Problem statement — Every line of the material is to be set down exactly as written.

(Data for this exercise begins)

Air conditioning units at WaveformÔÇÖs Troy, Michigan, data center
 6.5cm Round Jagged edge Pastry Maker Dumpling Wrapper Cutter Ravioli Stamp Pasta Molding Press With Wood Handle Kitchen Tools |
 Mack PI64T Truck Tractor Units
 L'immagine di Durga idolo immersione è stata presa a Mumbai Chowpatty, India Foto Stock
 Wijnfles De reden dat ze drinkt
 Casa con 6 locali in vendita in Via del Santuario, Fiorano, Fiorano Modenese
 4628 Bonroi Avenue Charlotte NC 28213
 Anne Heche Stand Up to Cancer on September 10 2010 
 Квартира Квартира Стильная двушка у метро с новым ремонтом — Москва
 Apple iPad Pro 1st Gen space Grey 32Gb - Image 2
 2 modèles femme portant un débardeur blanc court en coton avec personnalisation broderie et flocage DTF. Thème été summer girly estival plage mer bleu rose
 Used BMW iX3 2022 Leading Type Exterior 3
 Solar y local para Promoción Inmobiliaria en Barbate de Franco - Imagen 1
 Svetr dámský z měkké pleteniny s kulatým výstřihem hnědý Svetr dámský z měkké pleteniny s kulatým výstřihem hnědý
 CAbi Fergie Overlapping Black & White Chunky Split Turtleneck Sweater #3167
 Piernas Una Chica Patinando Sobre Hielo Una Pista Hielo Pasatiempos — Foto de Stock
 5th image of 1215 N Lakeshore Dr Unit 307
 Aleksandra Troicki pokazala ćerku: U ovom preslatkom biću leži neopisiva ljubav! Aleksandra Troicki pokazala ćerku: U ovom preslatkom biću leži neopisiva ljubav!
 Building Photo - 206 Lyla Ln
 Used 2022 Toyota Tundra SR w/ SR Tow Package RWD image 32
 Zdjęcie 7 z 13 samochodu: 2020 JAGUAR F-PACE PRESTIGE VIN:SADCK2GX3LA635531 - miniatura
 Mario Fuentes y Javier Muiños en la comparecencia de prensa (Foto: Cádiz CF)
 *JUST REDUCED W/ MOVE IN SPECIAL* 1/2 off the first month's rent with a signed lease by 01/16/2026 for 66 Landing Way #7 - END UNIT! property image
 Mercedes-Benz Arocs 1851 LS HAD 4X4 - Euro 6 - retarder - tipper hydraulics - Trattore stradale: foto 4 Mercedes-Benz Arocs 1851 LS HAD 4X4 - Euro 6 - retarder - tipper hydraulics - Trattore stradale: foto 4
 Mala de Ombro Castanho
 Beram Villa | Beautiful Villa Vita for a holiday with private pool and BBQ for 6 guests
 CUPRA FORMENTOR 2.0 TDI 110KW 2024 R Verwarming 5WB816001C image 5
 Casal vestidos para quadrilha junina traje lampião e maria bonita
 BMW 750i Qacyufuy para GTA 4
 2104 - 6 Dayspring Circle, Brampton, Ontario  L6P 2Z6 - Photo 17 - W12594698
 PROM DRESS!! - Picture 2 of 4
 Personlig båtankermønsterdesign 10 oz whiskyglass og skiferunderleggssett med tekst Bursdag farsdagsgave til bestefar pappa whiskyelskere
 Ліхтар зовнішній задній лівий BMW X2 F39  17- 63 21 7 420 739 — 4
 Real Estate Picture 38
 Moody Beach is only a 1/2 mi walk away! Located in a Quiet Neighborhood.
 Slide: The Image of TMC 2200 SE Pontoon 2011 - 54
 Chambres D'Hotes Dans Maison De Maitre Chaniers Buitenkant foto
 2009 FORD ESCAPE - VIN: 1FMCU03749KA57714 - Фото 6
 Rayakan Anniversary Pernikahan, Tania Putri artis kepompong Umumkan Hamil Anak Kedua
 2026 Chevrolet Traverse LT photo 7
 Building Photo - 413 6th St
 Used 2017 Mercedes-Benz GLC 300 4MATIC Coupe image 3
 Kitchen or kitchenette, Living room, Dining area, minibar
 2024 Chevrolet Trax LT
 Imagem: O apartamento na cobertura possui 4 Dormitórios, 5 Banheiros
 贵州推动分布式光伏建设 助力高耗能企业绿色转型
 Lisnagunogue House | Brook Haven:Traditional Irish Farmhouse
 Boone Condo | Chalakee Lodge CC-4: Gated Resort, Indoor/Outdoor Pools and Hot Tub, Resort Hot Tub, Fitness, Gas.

(Data for this exercise ends)

Exercise response —
Air conditioning units at WaveformÔÇÖs Troy, Michigan, data center
 6.5cm Round Jagged edge Pastry Maker Dumpling Wrapper Cutter Ravioli Stamp Pasta Molding Press With Wood Handle Kitchen Tools |
 Mack PI64T Truck Tractor Units
 L'immagine di Durga idolo immersione è stata presa a Mumbai Chowpatty, India Foto Stock
 Wijnfles De reden dat ze drinkt
 Casa con 6 locali in vendita in Via del Santuario, Fiorano, Fiorano Modenese
 4628 Bonroi Avenue Charlotte NC 28213
 Anne Heche Stand Up to Cancer on September 10 2010 
 Квартира Квартира Стильная двушка у метро с новым ремонтом — Москва
 Apple iPad Pro 1st Gen space Grey 32Gb - Image 2
 2 modèles femme portant un débardeur blanc court en coton avec personnalisation broderie et flocage DTF. Thème été summer girly estival plage mer bleu rose
 Used BMW iX3 2022 Leading Type Exterior 3
 Solar y local para Promoción Inmobiliaria en Barbate de Franco - Imagen 1
 Svetr dámský z měkké pleteniny s kulatým výstřihem hnědý Svetr dámský z měkké pleteniny s kulatým výstřihem hnědý
 CAbi Fergie Overlapping Black & White Chunky Split Turtleneck Sweater #3167
 Piernas Una Chica Patinando Sobre Hielo Una Pista Hielo Pasatiempos — Foto de Stock
 5th image of 1215 N Lakeshore Dr Unit 307
 Aleksandra Troicki pokazala ćerku: U ovom preslatkom biću leži neopisiva ljubav! Aleksandra Troicki pokazala ćerku: U ovom preslatkom biću leži neopisiva ljubav!
 Building Photo - 206 Lyla Ln
 Used 2022 Toyota Tundra SR w/ SR Tow Package RWD image 32
 Zdjęcie 7 z 13 samochodu: 2020 JAGUAR F-PACE PRESTIGE VIN:SADCK2GX3LA635531 - miniatura
 Mario Fuentes y Javier Muiños en la comparecencia de prensa (Foto: Cádiz CF)
 *JUST REDUCED W/ MOVE IN SPECIAL* 1/2 off the first month's rent with a signed lease by 01/16/2026 for 66 Landing Way #7 - END UNIT! property image
 Mercedes-Benz Arocs 1851 LS HAD 4X4 - Euro 6 - retarder - tipper hydraulics - Trattore stradale: foto 4 Mercedes-Benz Arocs 1851 LS HAD 4X4 - Euro 6 - retarder - tipper hydraulics - Trattore stradale: foto 4
 Mala de Ombro Castanho
 Beram Villa | Beautiful Villa Vita for a holiday with private pool and BBQ for 6 guests
 CUPRA FORMENTOR 2.0 TDI 110KW 2024 R Verwarming 5WB816001C image 5
 Casal vestidos para quadrilha junina traje lampião e maria bonita
 BMW 750i Qacyufuy para GTA 4
 2104 - 6 Dayspring Circle, Brampton, Ontario  L6P 2Z6 - Photo 17 - W12594698
 PROM DRESS!! - Picture 2 of 4
 Personlig båtankermønsterdesign 10 oz whiskyglass og skiferunderleggssett med tekst Bursdag farsdagsgave til bestefar pappa whiskyelskere
 Ліхтар зовнішній задній лівий BMW X2 F39  17- 63 21 7 420 739 — 4
 Real Estate Picture 38
 Moody Beach is only a 1/2 mi walk away! Located in a Quiet Neighborhood.
 Slide: The Image of TMC 2200 SE Pontoon 2011 - 54
 Chambres D'Hotes Dans Maison De Maitre Chaniers Buitenkant foto
 2009 FORD ESCAPE - VIN: 1FMCU03749KA57714 - Фото 6
 Rayakan Anniversary Pernikahan, Tania Putri artis kepompong Umumkan Hamil Anak Kedua
 2026 Chevrolet Traverse LT photo 7
 Building Photo - 413 6th St
 Used 2017 Mercedes-Benz GLC 300 4MATIC Coupe image 3
 Kitchen or kitchenette, Living room, Dining area, minibar
 2024 Chevrolet Trax LT
 Imagem: O apartamento na cobertura possui 4 Dormitórios, 5 Banheiros
 贵州推动分布式光伏建设 助力高耗能企业绿色转型
 Lisnagunogue House | Brook Haven:Traditional Irish Farmhouse
 Boone Condo | Chalakee Lodge CC-4: Gated Resort, Indoor/Outdoor Pools and Hot Tub, Resort Hot Tub, Fitness, Gas.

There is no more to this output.